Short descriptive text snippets
════

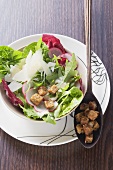 Salad with garlic croutons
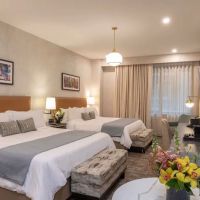 Broadway Plaza Hotel ico
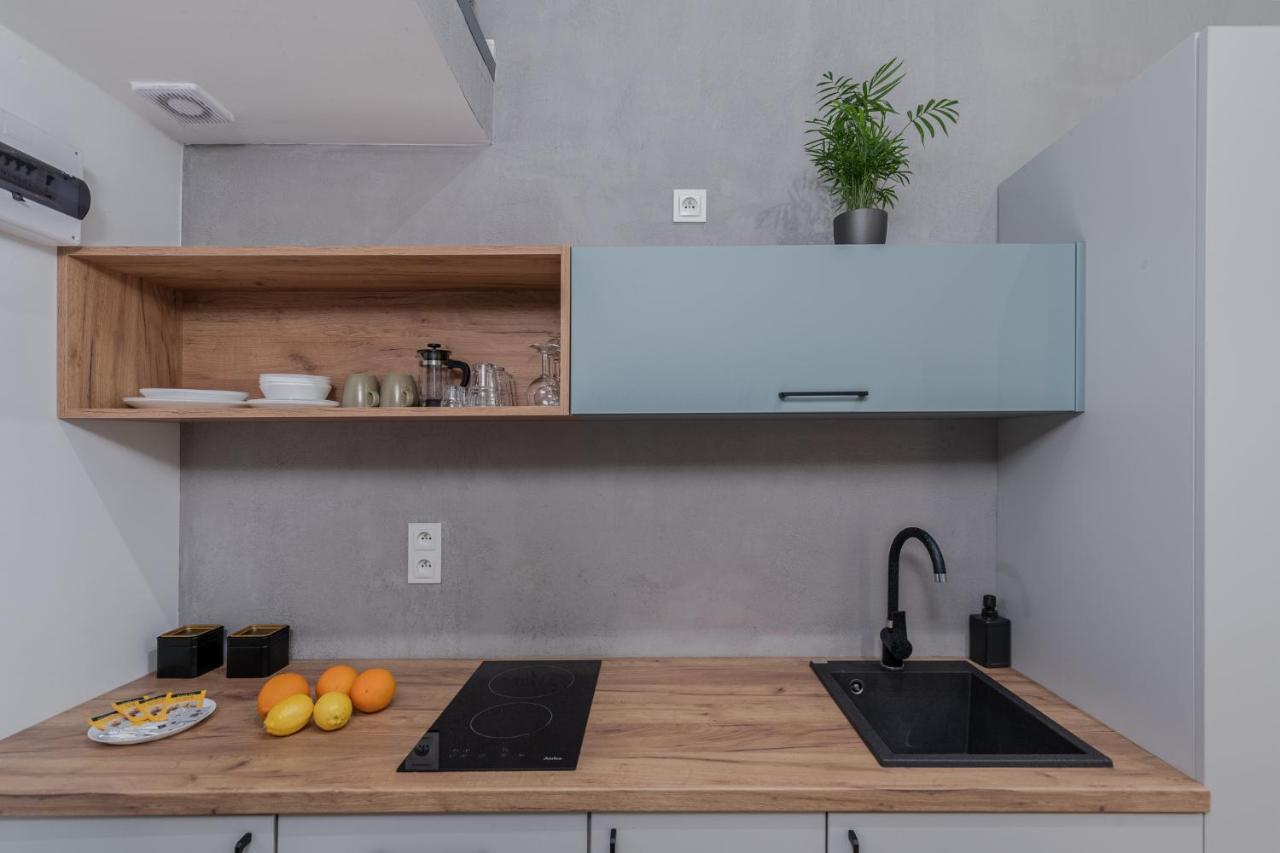 Parkside Fresh Apartments - Old Town Guesthouse - By Upstairs Краків Екстер'єр фото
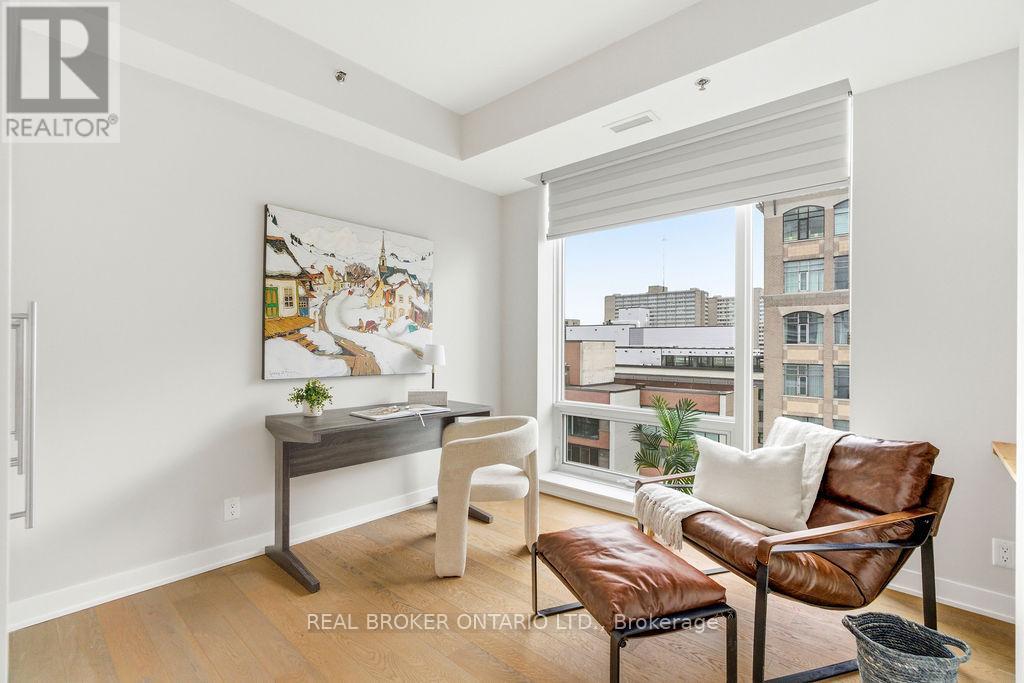 1403 - 428 SPARKS STREET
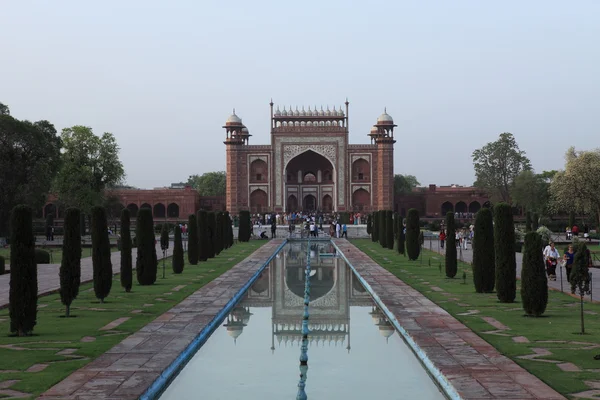 Das taj mahal in agra indien — Stockfoto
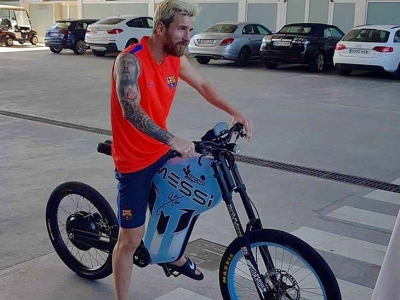 La lujosa bicicleta eléctrica de Lionel Messi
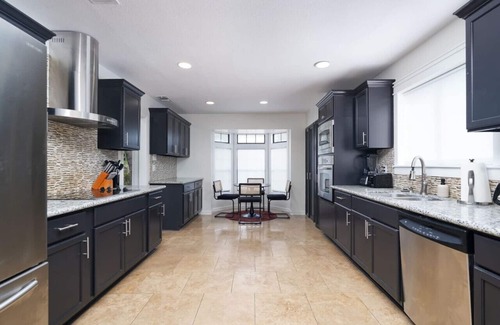 Whispering Oaks House | City Gem w/Pool | MovieTheater&PuttPutt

════

- What you will do -
Word for word, copy all the entries above, but with no pictures.

- Task answer -
 Salad with garlic croutons
 Broadway Plaza Hotel ico
 Parkside Fresh Apartments - Old Town Guesthouse - By Upstairs Краків Екстер'єр фото
 1403 - 428 SPARKS STREET
 Das taj mahal in agra indien — Stockfoto
 La lujosa bicicleta eléctrica de Lionel Messi
 Whispering Oaks House | City Gem w/Pool | MovieTheater&PuttPutt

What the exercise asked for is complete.